Tanya Ch. 17 (Part 2)

“Nearly Everybody”: The Inner Life and Struggles of the Jewish Soul

(Based on “Tanya: Collected Discourses of R. Schneur Zalman of Liadi”)

by Rabbi Yaakov Feldman

Ch. 17


But RSZ takes the term “so that you can do it” in the statement “the matter is very near-at-hand to you … so that you can do it” as alluding to the native love for G-d that lies deep and nameless in our hearts, and which can lead us to actually do mitzvot [5]. His point is that while this sort of love isn’t open and aboveboard or passionate, it would still-and-all be genuine and could be used to prompt us to do good things (Biur Tanya).

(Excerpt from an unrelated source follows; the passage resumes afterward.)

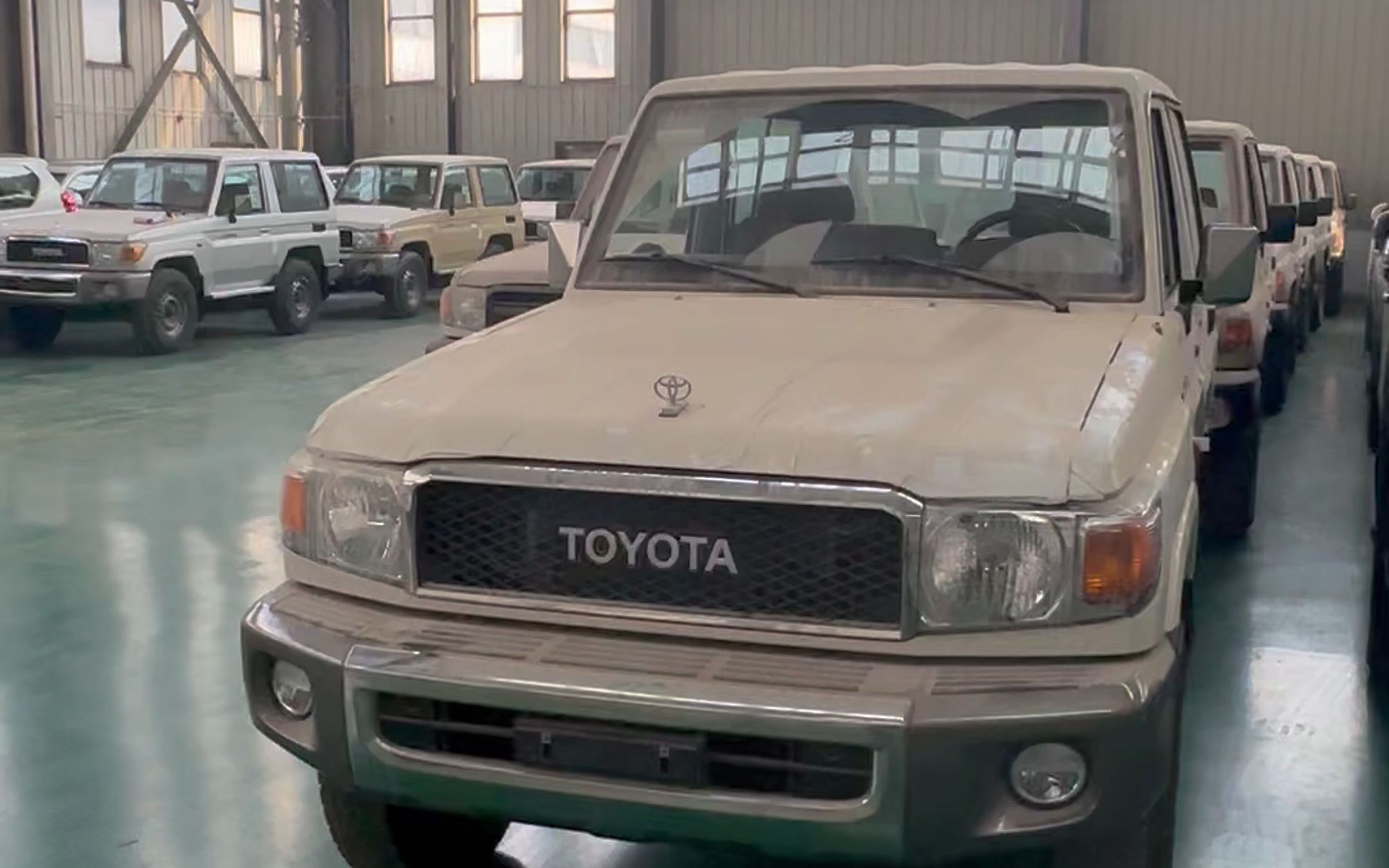 2023款丰田lc71 [运兵车]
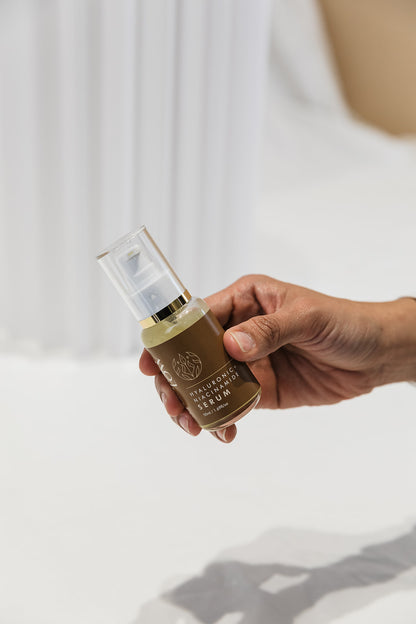 HYALURONIC, ALOE AND NIACINAMIDE SERUM 50ML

He also means to underscore that the ability to cultivate that sort of love is indeed “very near-at-hand” and easy for anybody to do. For while we aren’t all in command of our emotions, so we can’t elicit just any feeling we’d like to, we do though have it within us to focus our minds on whatever we care to, and to not think about what we don’t want to or shouldn’t (see Biur Tanya) [6]. Since our wills control our minds (Likutei Biurim).

His suggestion thus comes to this: reflect deeply and at length upon G-d’s actual greatness, and a sense of love of Him will automatically arise in your heart and you’ll want to cling to Him by fulfilling His mitzvot and studying His Torah as a matter of course. For our minds control our hearts by nature, which then controls our actions (see 12:4 and Ch. 51 below).

For if we’d fully concentrate upon G-d’s greatness, it would occur to us that observing G-d’s mitzvot is our raison d’etre at bottom. After all, aren’t we bidden to “observe all the mitzvot, statutes, and judgments, that I (G-d) command you this day” (Deuteronomy 7:11) meaning in this world (see Eruvin 22A) [7]?


[5] It’s as if he’d translate the phrase “so that you can do it”, “since you can activate it”, i.e., you can easily enough activate the love in your heart so as to help you fulfill mitzvot.

[6] See 12:4 above, and note 8 there. Refer to what was said in the previous chapter about our inborn love.

[7] The object of loving G‑d doesn’t just come to fostering such a love itself, but rather using it as a means of fulfilling G-d’s mitzvot, for what matters most in this world is actually doing concrete things (Shiurim b’Sefer Tanya). That's to say that while the love of G-d is a lofty, magical thing it’s nonetheless a selfish urge often enough; and at bottom we’re asked to subsume our desires to His will.